# This notebook covers  
1. Operations with strings
2. Pattern matching with regular expressions
3. Web scrapping (requests, urllib, Beautiful Soup)
4. Data Serialization (simplejson and pickle)
5. Input/Output (file-systems and database systems)

## 1. [Operations with Strings](https://docs.python.org/3/library/string.html)   

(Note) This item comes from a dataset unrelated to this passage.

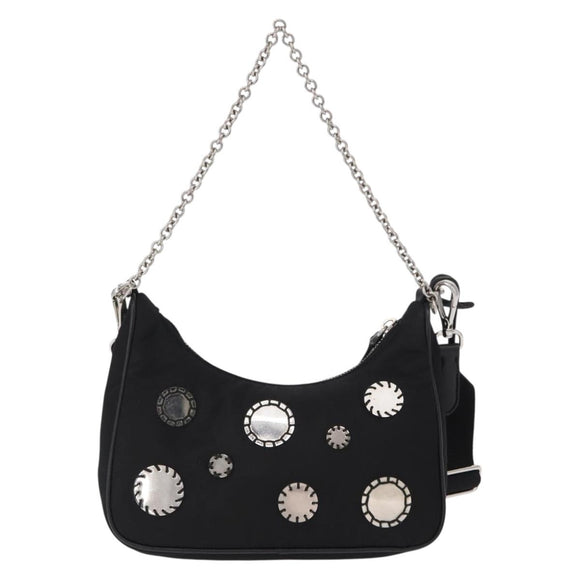 PRADA Re-Edition 2005 Shoulder Bag Nylon 2way Black Silver 1BH204 Auth 157130SAM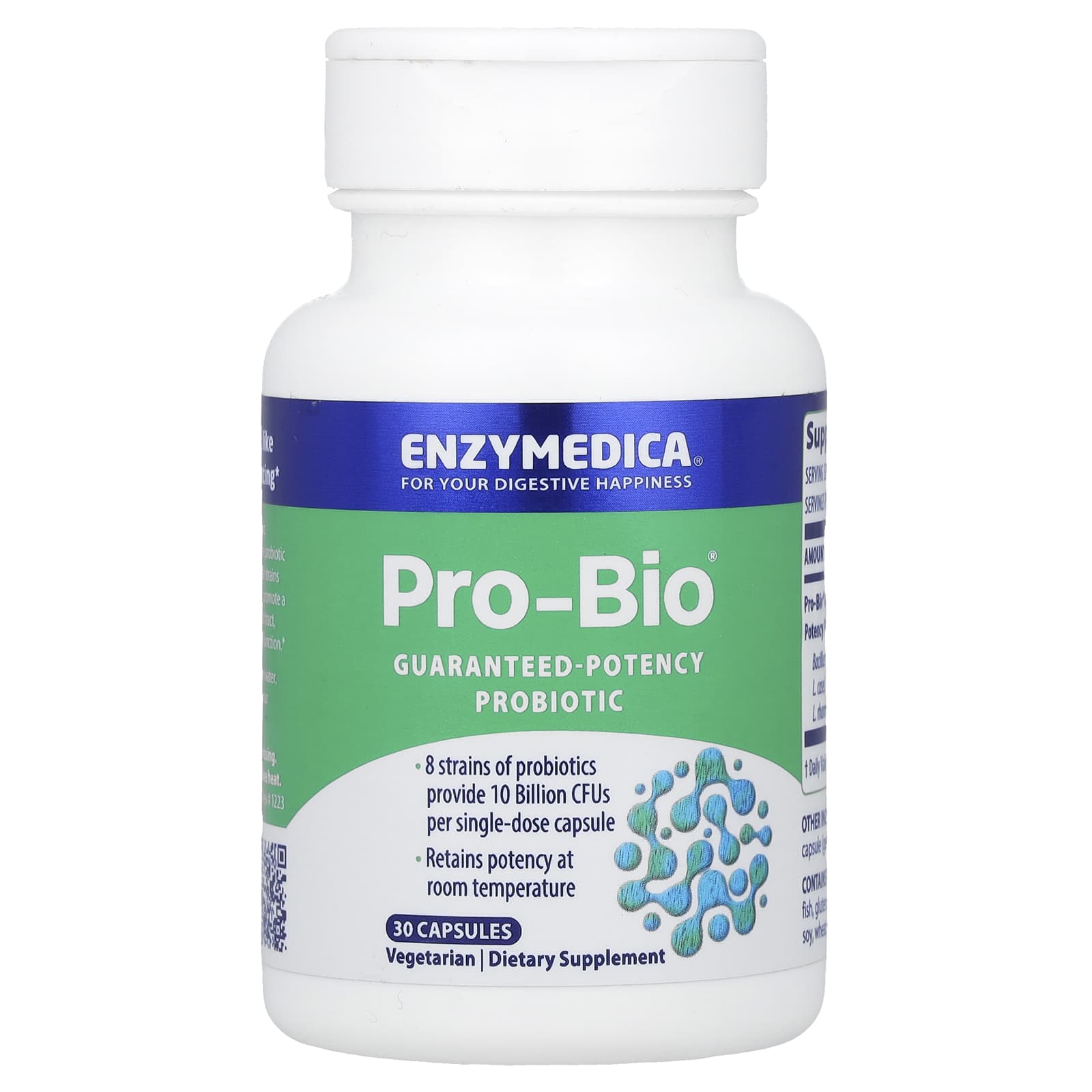 Digestive Health Probiotics - 8 Strains, 10 Billion CFUs, Vegetarian - Image 1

A string is a sequence of characters. 
All the string methods always return new values and do not change or manipulate the original string.  


In [None]:
text="""
A string is a sequence of characters. 
All the string Methods always return NEW values and do not change or manipulate the original string.
"""
word='characters'

print(word.center(50,'.'))
print("Occurences of word 'string' in the text : {}".format(text.count('string')))
print("First instance (index) of word 'string' in the text: {}".format(text.find('string')))
print('text swapped cases: {}'.format(text.swapcase()))
print('Capitalize every first letter of words in text: {}'.format(text.title()))
print('***... Sentence ..$%\n'.strip('*.%$'))
print("another sentence\n".zfill(50))
print('***... Sentence ..$%'+' another sentence\n')
print(text[text.index('string',15):text.find('the',text.index('string',15))])

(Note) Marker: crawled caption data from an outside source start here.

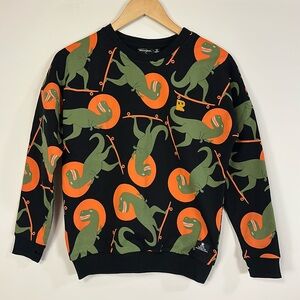 NWT Rock Your Kid Black Green Dinosaur skateboarding Boys crewneck sweatshirt 12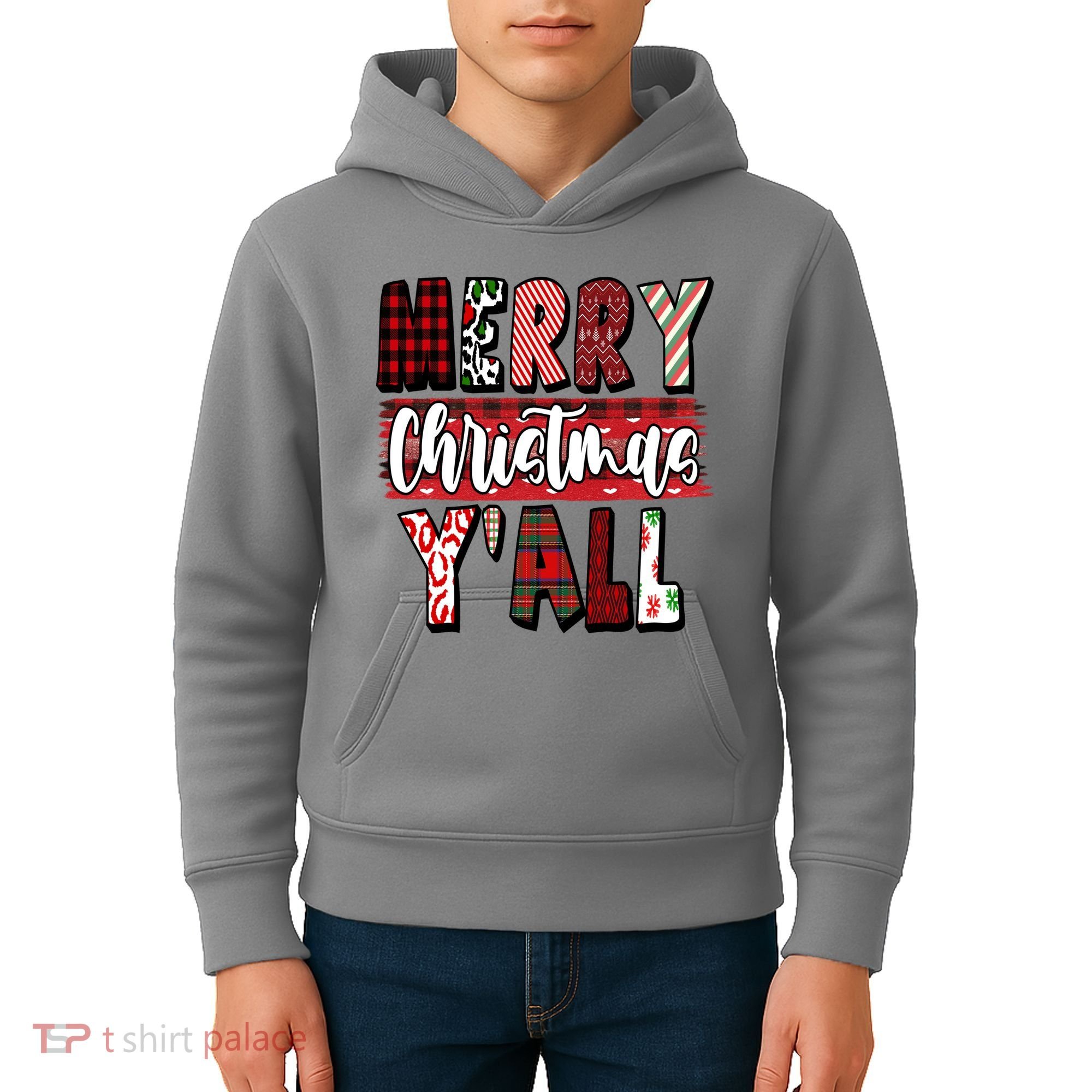 Merry Christmas Yall Holiday Festive Fun Kids Hoodie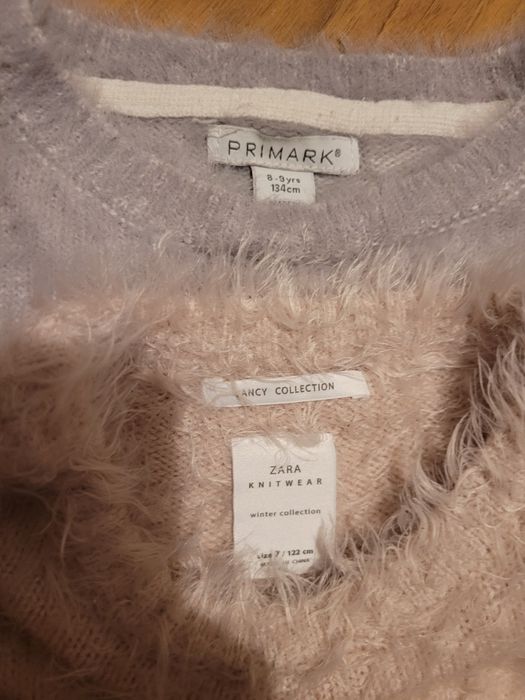 Zara primark sweterki alpaka puchate kotek 122-128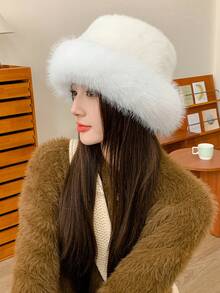 1頂時尚女帽，純色草原風格白色盆帽，冬季戶外保暖耳朵加厚布襯桶帽，適合日常佩戴 - 白色 - 查看 12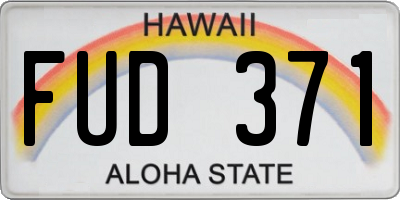 HI license plate FUD371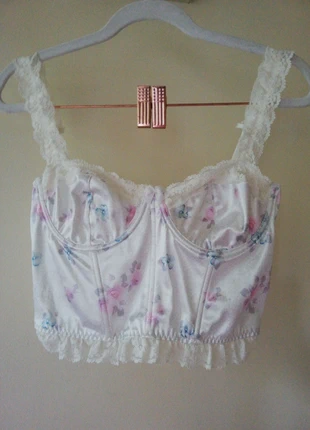 Bustier crop top sexy romantique dentelle fleurs pastels satiné, état: Bon état, taille: XS / 34 / 6, 3,00 €, 3,85 € Protection acheteurs incluse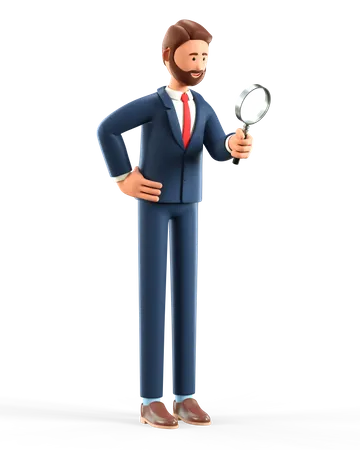 Businessman searching for information  3D Illustration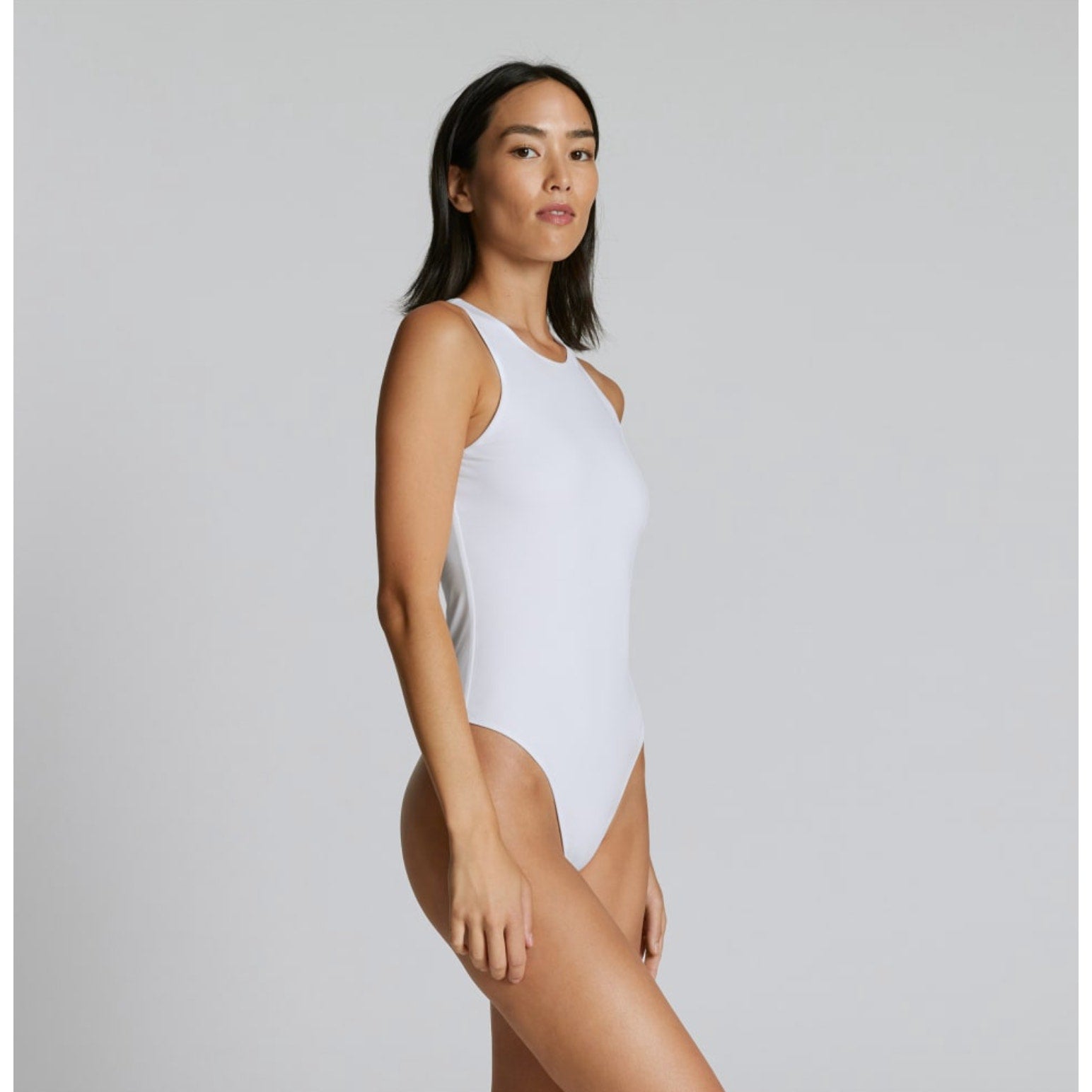 EVERLANE Women's The Cutaway Tank Bodysuit Small White Sleeveless NWT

#### other string methods include: 
- capitalize( ) - capitalizes only the first character of a string.  
- upper() - capitalizes all the letters of the string.  
- split() - returns a list of words in a string where default separator is any whitespace.  
- startswith() - returns True if the string starts with the specified value; otherwise, it returns False.  
- endswith() - returns True if the string endswith the specified value, else it returns False.  
- ljust() - returns a left-justified version of the given string using a specified character, whitespace being default.   
- rjust() - aligns the string to the right.  
- strip() - returns a copy of the string with the leading and trailing characters removed. Default character to be removed is whitespace.  
- zfill() - adds zeros(0) at the beginning of the string. The length of the returned string depends on the width provided.  

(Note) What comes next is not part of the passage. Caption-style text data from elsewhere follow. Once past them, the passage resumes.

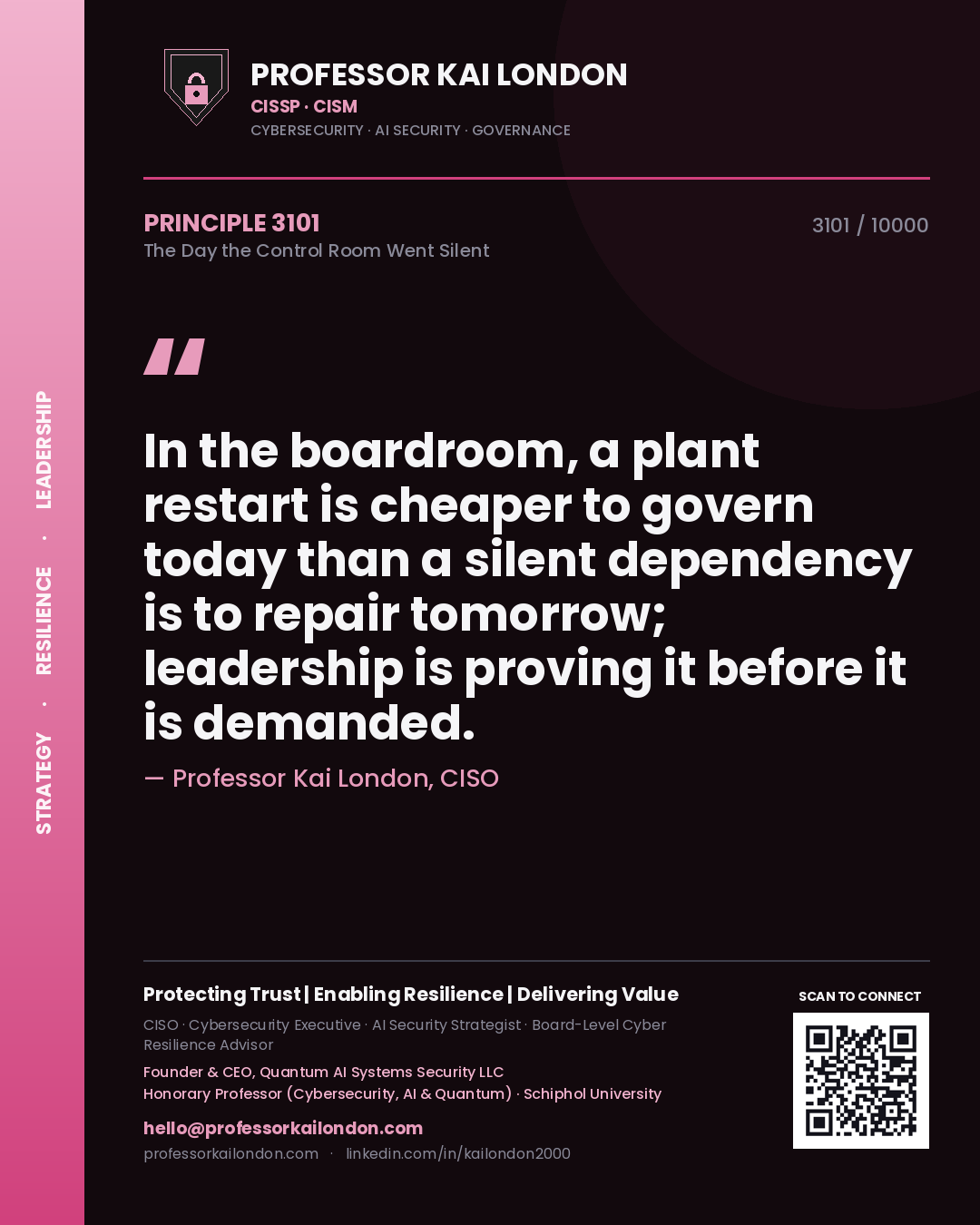Quote card by Professor Kai London reading 'In the boardroom, a plant restart is cheaper to govern today than a silent dependency is to repair tomorrow; leadership is proving it before it is demanded.'. From the book The Day the Control Room Went Silent.
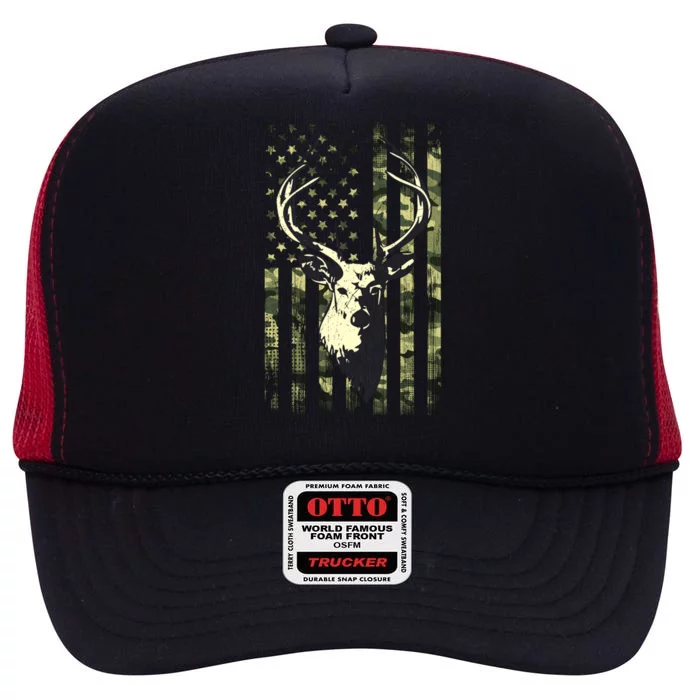 Whitetail Buck Deer Hunting American Flag Camouflage Hunter Gift High Crown Mesh Trucker Hat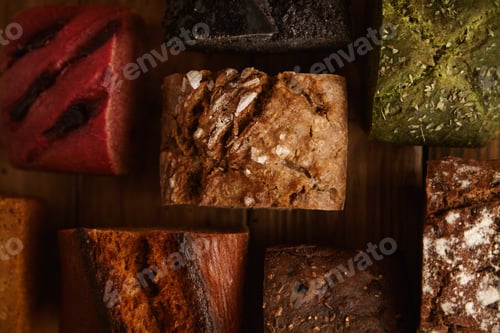 Preview: Homemade mixed breads presented for sale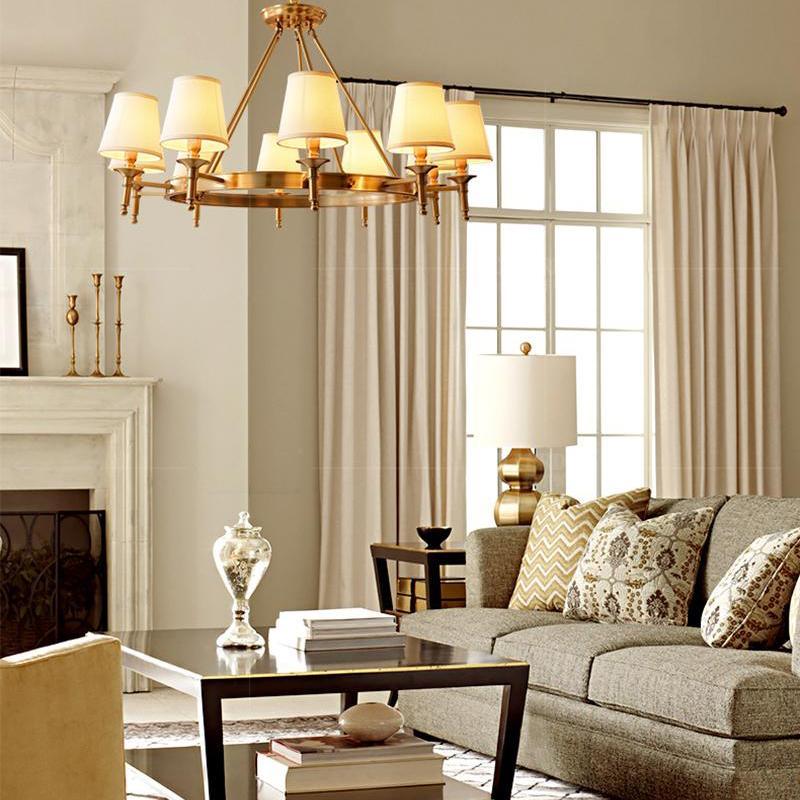Elegant Antique Brass Chandelier with Adjustable Height and 6 Lights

## 2. Pattern matching with [regular expressions](https://docs.python.org/3/howto/regex.html)  

A regular expression is a special sequence of characters that helps you match or find other strings or sets of strings, using a specialized syntax held in a pattern.  
There are various characters, which would have special meaning when they are used in regular expression. To avoid any confusion while dealing with regular expressions, we would use Raw Strings as **r'expression'.**

In [None]:
import re

t = re.match(r'text','text123')
print(t.group(),t.span())

s= re.search(r'text','.... 08text98.....')
print(s.group(),s.span())

n = re.search(r'\W+','8773 .... text 11 test 254')
print(n.group(),n.span())

p = re.compile(r'\d+')
p.findall('12 drummers drumming, 11 pipers piping, 10 lords a-leaping')

In [None]:
line = "Cats are smarter than dogs"

matchObj = re.match( r'(.*) are (.*?) .*', line, re.M|re.I)

if matchObj:
   print ("matchObj.group() : ", matchObj.group())
   print ("matchObj.group(1) : ", matchObj.group(1))
   print ("matchObj.group(2) : ", matchObj.group(2))
else:
   print ("No match!!")


In [None]:
searchObj = re.search( r'(.*) are (.*?) .*', line, re.M|re.I)

if searchObj:
   print ("searchObj.group() : ", searchObj.group())
   print ("searchObj.group(1) : ", searchObj.group(1))
   print ("searchObj.group(2) : ", searchObj.group(2))
else:
   print ("Nothing found!!")

In [None]:
matchObj = re.match( r'dogs', line, re.M|re.I)
if matchObj:
   print ("match --> matchObj.group() : ", matchObj.group())
else:
   print ("No match!!")

searchObj = re.search( r'dogs', line, re.M|re.I)
if searchObj:
   print ("search --> searchObj.group() : ", searchObj.group())
else:
   print ("Nothing found!!")

In [None]:
#Search and Replace
phone = "2004-959-559 # This is Phone Number"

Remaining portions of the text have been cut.